The sponsor must decide if it is viable to extend the budget and deadlines or else accept that a defective software product will be delivered.
In an Agile SDLC, change is accepted as something normal. The new requirement is simply added to the product backlog. The development team continues to work as if nothing had happened until finishing the tasks of the current sprint. At the beginning of the next sprint, the entire team meets to review the product backlog, collectively estimate the effort required for the new requirements, and assign them a priority in relation to the rest of the backlog. If the project does not have room to extend the deadlines, the PO decides which items in the backlog are least necessary and can be eliminated from the project to make room for the new requirement, eventually leaving the least important for a future release. The sprint backlog is defined with the priority tasks, and the work continues as normal.

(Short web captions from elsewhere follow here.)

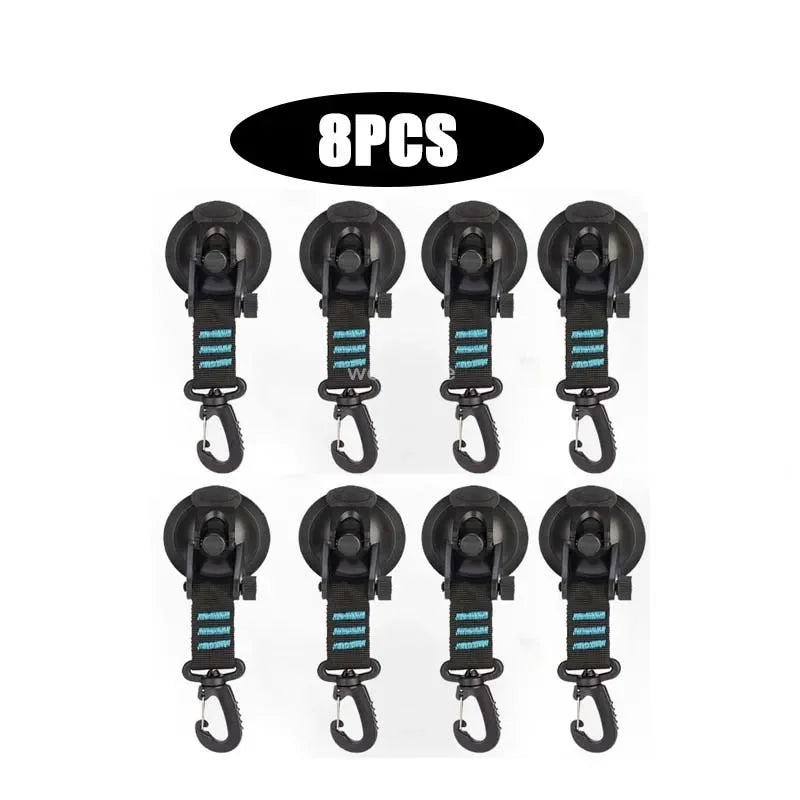 Heavy-Duty Suction Cup Anchors for Camping and Car Awnings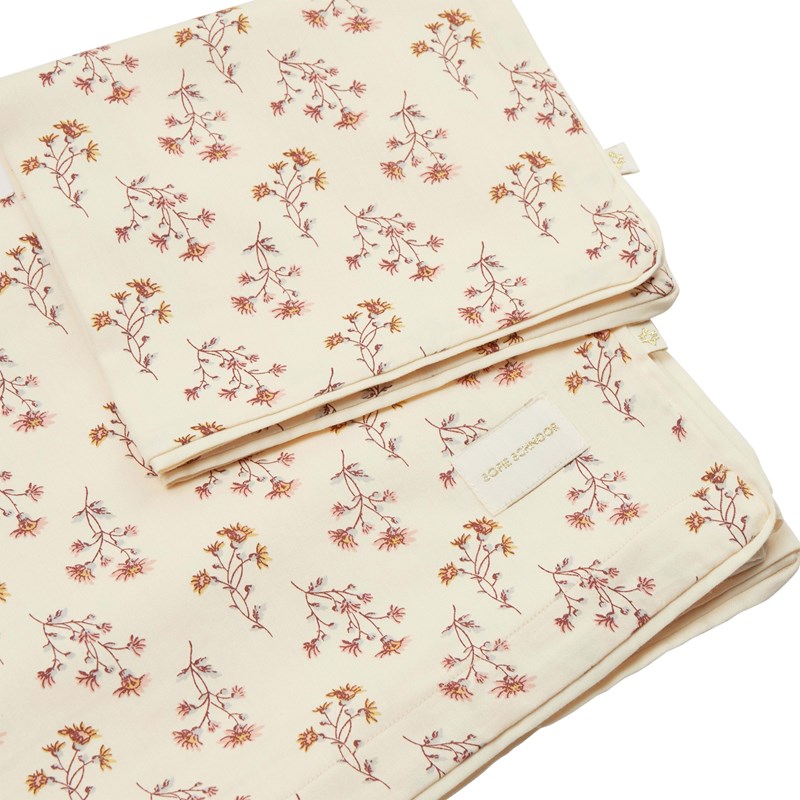 Sofie Schnoor Home Sengesæt Baby Blomster Print 70x100 3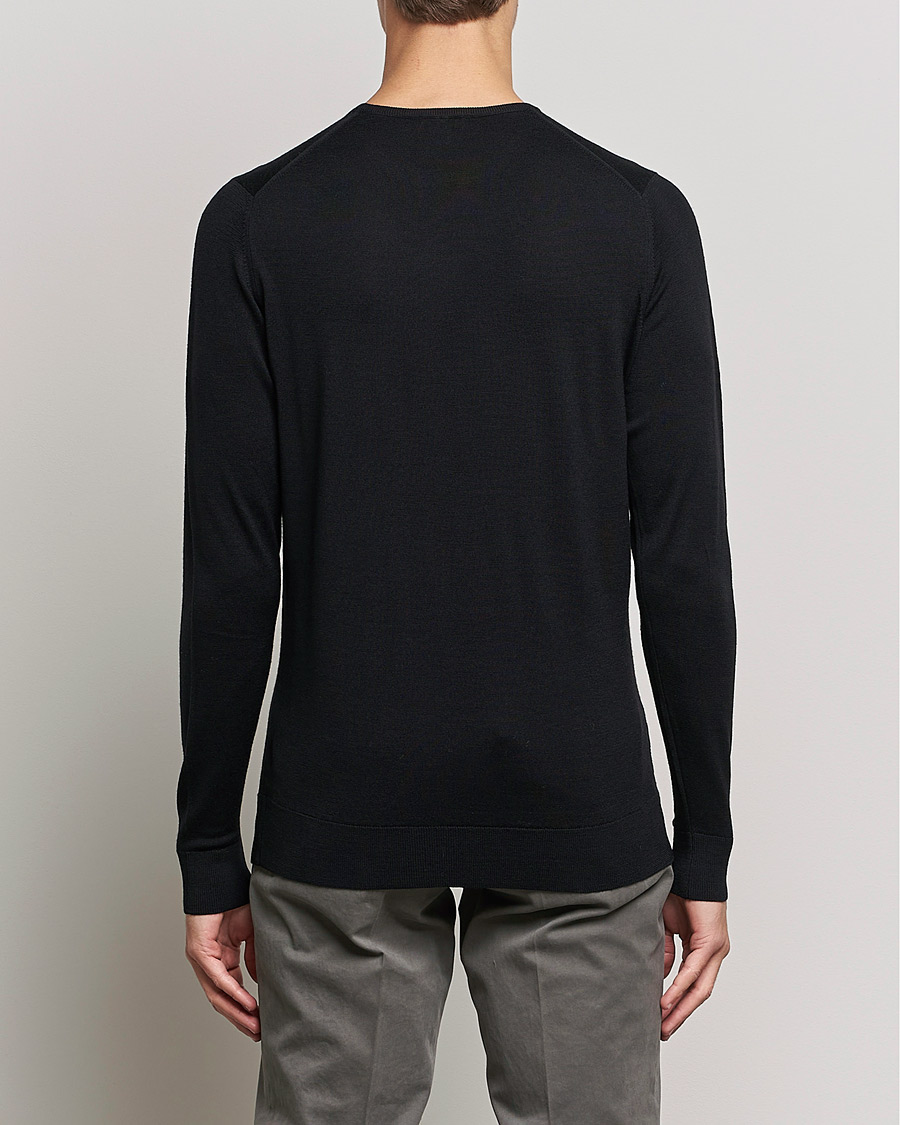 Heren | Truien | Sunspel | Crew Neck Jumper Black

For the data model design to be adaptable to change, it must incorporate degrees of freedom using the principles of low coupling and high cohesion. This does not necessarily mean that the design will be more complex. Instead, it will allow decisions to be deferred until the last responsible moment. The last responsible moment strategy is used in Agile methodologies to avoid making premature decisions, keeping important or irreversible decisions open until the cost of not making a decision is considered to exceed the cost of making it.
Automation in Database Design Is a Must
Tools that automate the creation of data model diagrams, such as the Vertabelo data modeler, are vital to agility. They allow you to react to changes, document them with proper diagrams, and minimize the time and effort involved in altering models and adapting database schemas.
For a data model designer, always having a tool at hand that allows you to redesign models, validate them, and derive the necessary scripts to adapt the physical database is essential to maintaining fluid communication within the development team – and helping each member keep focused on their tasks. It is also a way to help the development team bring the SDLC to fruition within the deadlines and budgets established from the very beginning.